Chief Minister of Koshi Province
- In office 26 August 2021 – 1 November 2021
- Governor: Somnath Adhikari
- Preceded by: Sher Dhan Rai
- Succeeded by: Rajendra Kumar Rai

Minister for Culture, Tourism and Civil Aviation
- In office 25 February 2014 – 13 September 2014
- President: Ram Baran Yadav
- Prime Minister: Sushil Koirala
- Vice President: Paramananda Jha
- Succeeded by: Deepak Chandra Amatya

Leader of the Opposition in the Koshi Provincial Assembly
- In office 2 November 2021 – 2 September 2022
- President: Bidhya Devi Bhandari
- Governor: Somnath Adhikari Pyasi
- Preceded by: Rajiv Koirala
- Succeeded by: Uddhav Thapa

Leader of the House in the Koshi Provincial Assembly
- In office 26 August 2021 – 1 November 2021
- Governor: Somnath Adhikari
- Preceded by: Sher Dhan Rai
- Succeeded by: Rajendra Kumar Rai

Member of Parliament, Pratinidhi Sabha
- In office 22 December 2022 – 12 September 2025
- Preceded by: Sitaram Mahato
- Succeeded by: Lal Bikram Thapa
- Constituency: Sunsari 2

Member of Koshi Provincial Assembly
- In office 5 February 2018 – September 2022
- Preceded by: Constituency created
- Succeeded by: Bijay Kumar Rai
- Constituency: Sunsari 1(B)

Member of 1st and 2nd Nepalese Constituent Assembly
- In office 28 May 2008 – 14 October 2017
- Preceded by: Constituency established
- Succeeded by: Constituency abolished
- Constituency: Sunsari 6

Personal details
- Born: April 27, 1959 (age 67) Toliya–6, Dhankuta
- Party: CPN (UML)
- Spouse: Nira Devi Khanal Acharya
- Parent(s): Bala Prasad Acharya (Father) Laxmi Devi Acharya (Mother)

= Bhim Acharya =

Member of House of Representatives of Nepal

Bhim Acharya (भिम आचार्य) secretary of Communist Party of Nepal (Unified Marxist-Leninist), is the former Chief minister of Province No. 1. Governor Somnath Adhikari appointed Bhim Acharya as the chief minister as per Article 168 (1) of the Constitution of Nepal after He was unanimously elected parliamentary party leader of the CPN (UML) on 26 August 2021, following the resignation of outgoing chief minister Sher Dhan Rai as both the parliamentary party leader and chief minister.
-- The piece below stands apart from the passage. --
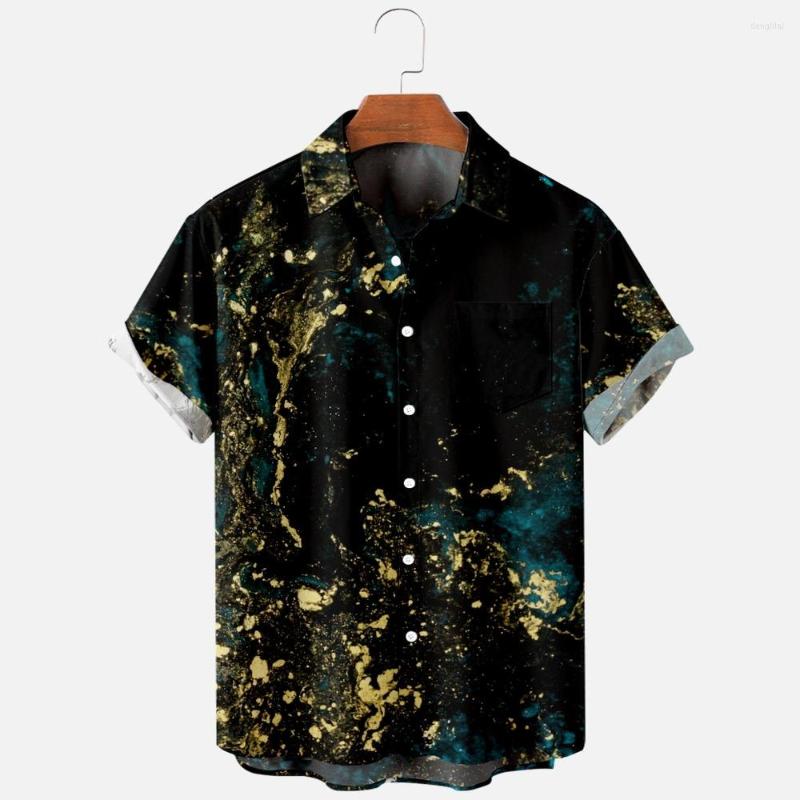 

Men's Casual Shirts Design Shirt Men/women Fashion Hip Hop Turn-down Collar Blouses High Quality 3D Print Men's Clothes Top, Picture shown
He assumed the post of the Minister for Culture, Tourism and Civil Aviation of Nepal on 25 February 2014 under Sushil Koirala-led government.

He was a member of the 2nd Nepalese Constituent Assembly. He won the Sunsari-6 seat in 2013 Nepalese Constituent Assembly election from the Communist Party of Nepal (Unified Marxist-Leninist).

==Personal life==
Bhim Acharya was born on 27 April 1959 in Toliya-6, Dhankuta. He is the son of Bala Prasad and Laxmi Devi Acharya. He has obtained master's degree in management.

==Political career==
Acharya joined students movement in 1975. He joined Communist Party of Nepal (Unified Marxist-Leninist) in 1979.

He won the 2008 Nepalese Constituent Assembly election from Sunsari-6 constituency with 15,606 votes defeating Narendra Bahadur Basnet of Unified Communist Party of Nepal (Maoist). He was appointed as the Chief Whip of the Parliamentary Party of the Communist Party of Nepal (Unified Marxist-Leninist).

Bhim Acharya was elected as the leader of the CPN-UML's state-1 parliamentary party on 26 August 2021.